A dynamically generated cube-map is rendered every frame by copying the respective cube-map faces from a selected static environment map and then composed with the rainbow mask through additive blending, all on GPU. This allow changes on the rainbow properties such as location, brightness and size without perturbing the original static cube-map. Raindrops' fragments samples from this dynamic environment map so that the rainbow is presented properly within the raindrops. The position of the raindrops are also updated every frame and done entirely on the GPU, either through transform-and-feedback buffers, or via classic render-to-texture copy-to-vertex-buffer approach [Slomp et al. 2010].
Finally, if an HDR environment map is being used, tone-mapping is performed using the Photographic Operator [Reinhard et al. 2002], thus compressing the wide luminance range of the scene into the displayable range of the device. The overall performance of the technique exceeds 70 FPS on a GeForce GTX 280 with full-screen image resolution of 1920x1200 pixels and 2 million raindrops.

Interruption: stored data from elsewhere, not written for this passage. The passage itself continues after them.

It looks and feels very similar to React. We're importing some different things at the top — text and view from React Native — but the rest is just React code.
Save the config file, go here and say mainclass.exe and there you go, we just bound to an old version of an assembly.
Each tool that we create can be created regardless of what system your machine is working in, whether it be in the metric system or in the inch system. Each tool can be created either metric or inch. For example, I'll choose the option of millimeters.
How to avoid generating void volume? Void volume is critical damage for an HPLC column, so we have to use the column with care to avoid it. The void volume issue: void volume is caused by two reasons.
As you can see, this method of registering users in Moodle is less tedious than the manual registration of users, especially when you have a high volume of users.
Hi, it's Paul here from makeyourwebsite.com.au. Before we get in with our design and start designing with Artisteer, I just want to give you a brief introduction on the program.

St. Peter's Basilica and Eucalyptus Grove environment maps courtesy of Paul Debevec (http://www.debevec.org/Probes). Paris Bridge environment map courtesy of Industry Graphics (http://www.realtexture.com) from the LightWorks HDRI Starter Collection (http://www.lightworkdesign.com).
[Slomp et al. 2010] Marcos Slomp, Matthew Johnson, Toru Tamaki and Kazufumi Kaneda. 2010. "Photorealistic real-time rendering of spherical raindrops with hierarchical reflective and refractive maps". Proceedings of the 2010 ACM SIGGRAPH Symposium on Interactive 3D Graphics and Games (i3D 2010): Posters.

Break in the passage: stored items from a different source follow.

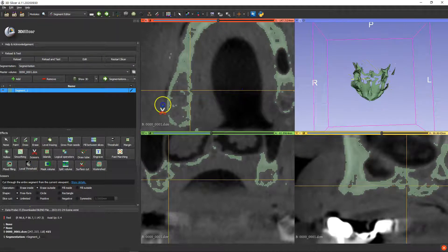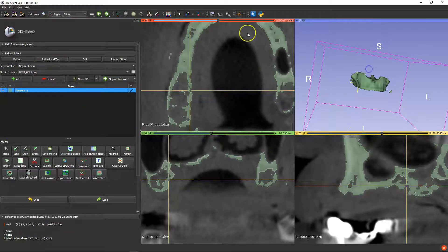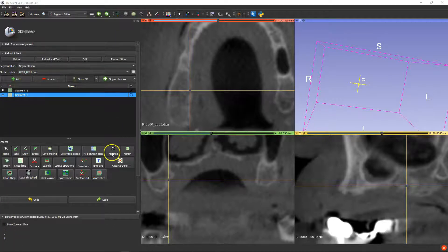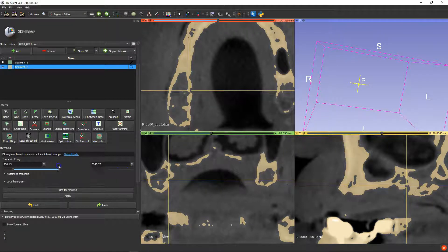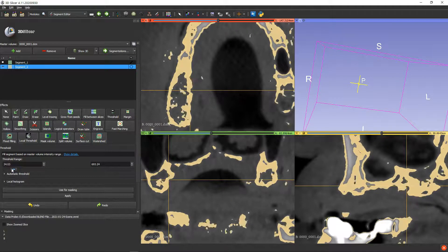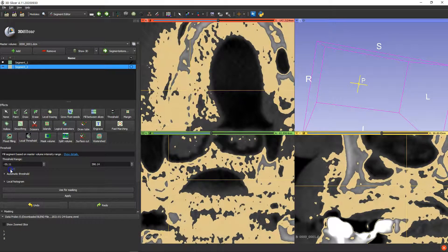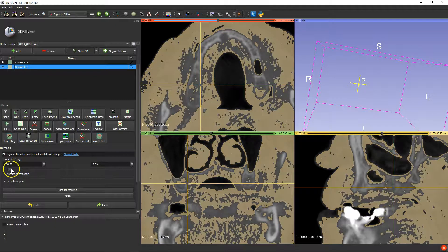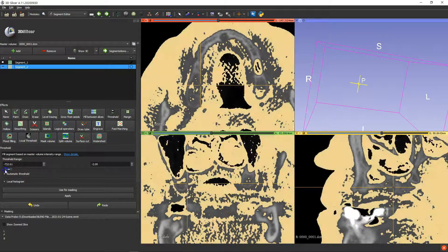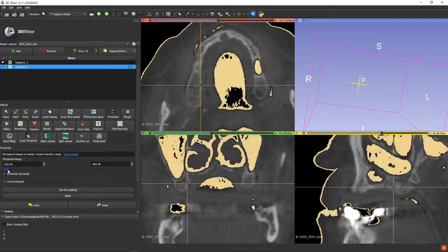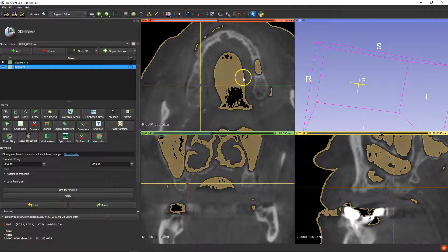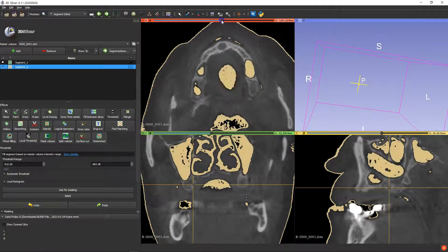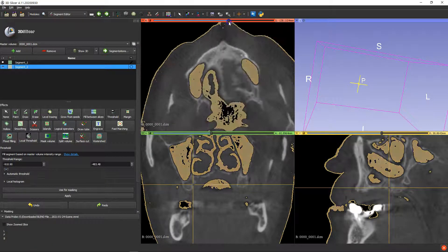After that we're going to segment the sinus cavities. I'm going to hide that one, add a new segment, and set a threshold value. This time around we're going to go the other way to highlight the black. That's what I want to see — this would be the tongue, I suppose. We can get to see the sinus area.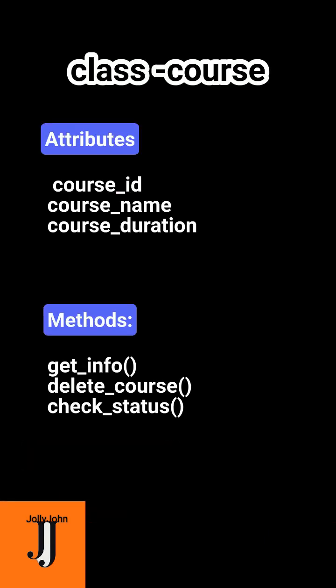If you observe a class Course, it is having the attributes: course_id, course_name, course_duration, and having the methods: get_info, delete_course, and check_status.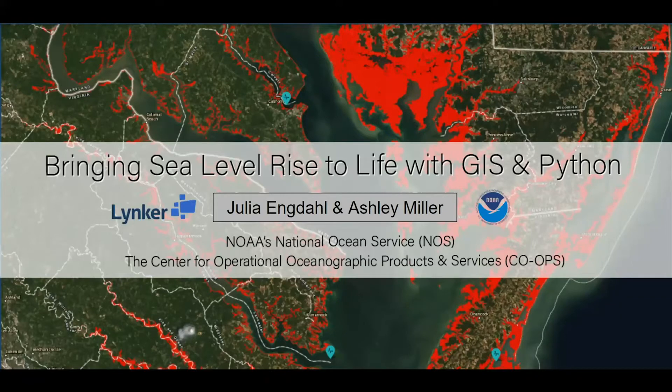Today, Ashley Miller and I will be talking about bringing sea-level rise to life using GIS and Python. As Keith said, Ashley joined CO-OPS in 2010 and now she's the GIS team lead. And I joined Leidos in support of NOAA in June 2020 and recently finished my master's and graduated this past October.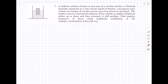Welcome back. In today's video we are going to be solving a problem from the oscillations chapter of Pathfinder — check your understanding, problem number nine. This question will require a little bit of knowledge from fluid mechanics as well. We have a uniform cylinder of mass m and area of cross section small a, floating partially immersed in a non-viscous liquid of density rho, occupying some volume of a beaker of circular cross section area A. The beaker rests on the horizontal tabletop. If the cylinder is slightly displaced either up or down and then released, it will oscillate — we have to find the angular frequency of these small oscillations.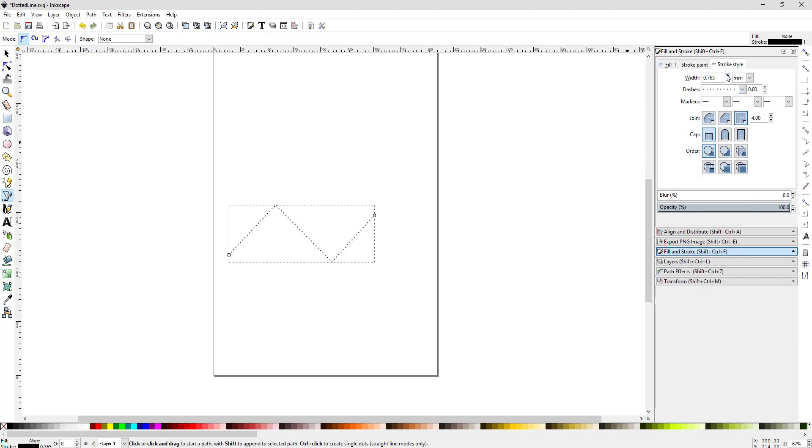You can turn up the width to make those dots bigger and that would be it. But if you save this and load it into the Glowforge app, you'll get that error message and it won't work.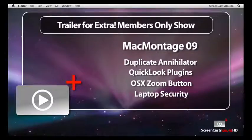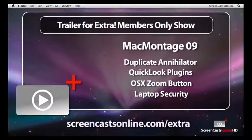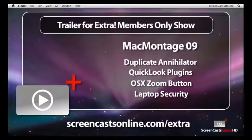The full show is 30 minutes long and only available to ScreenCastsOnline Extra members. You can find out more about becoming a member to receive this show and over 200 other tutorials in the ScreenCastsOnline archive simply by visiting ScreenCastsOnline.com/extra.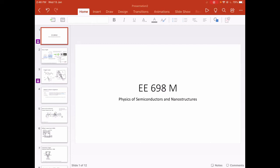Hello all, this is the first lecture for course EE-698M. This is a continuation of the introduction we had online today, and due to unfortunate circumstances my audio got cut off. So I thought it will be a better idea to host a full video, so I will start from the beginning.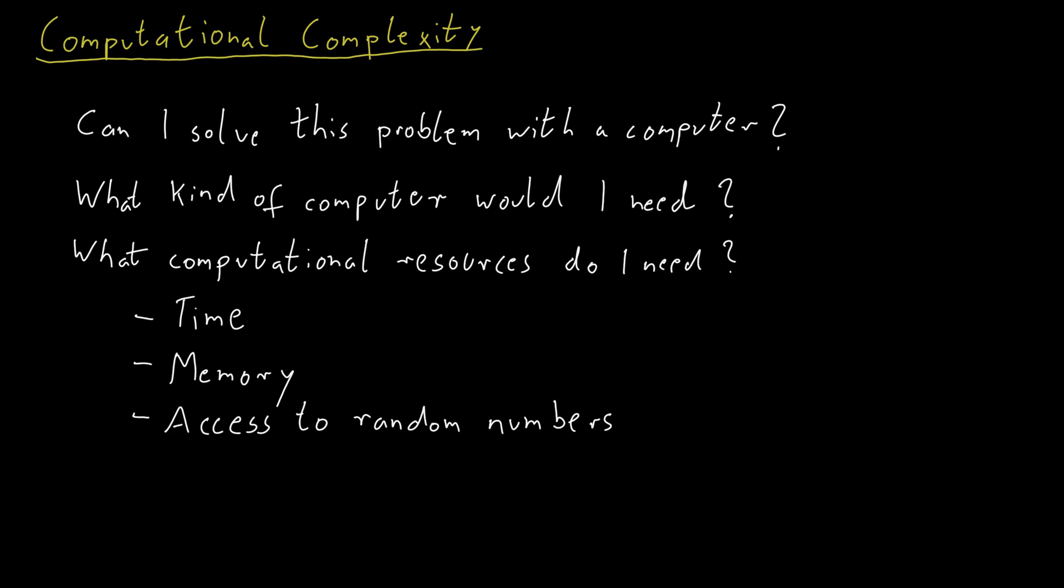What if you want to use more than a single computer to solve a problem? Say you have two computers who should work together. Then they probably need to communicate with one another. We may be interested in studying how much communication is required between the two computers. What capacity do we need for the data link connecting them?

[Kanamori et al. 2010] Shota Kanamori, Kazuya Fujiwara, Takahiro Yoshinobu, Bisser Raytchev, Toru Tamaki, Kazufumi Kaneda. 2010. "Physically Based Rendering of Rainbows Under Various Atmospheric Conditions". The 18th Pacific Conference on Computer Graphics and Applications (Pacific Graphics 2010): Poster.
[Reinhard et al. 2002] Erik Reinhard, Michael Stark, Peter Shirley and James Ferwerda. 2002. "Photographic tone reproduction for digital images". Proceedings of the 29th annual conference on Computer graphics and interactive techniques (SIGGRAPH 2002).
Third place:
Kai Schröder (1), Arno Zinke (2) and Reinhard Klein (1)
(1) University of Bonn
(2) GfaR mbH
The image has been generated using a new method for the physically accurate rendering of textiles.
In contrast to existing methods which require a prohibitively costly explicit respresentation of yarn fibers, we efficiently approximate their distribution using a volumetric statistical model. Based on this compact description, Monte Carlo path tracing of large pieces of cloth becomes practical on standard consumer hardware.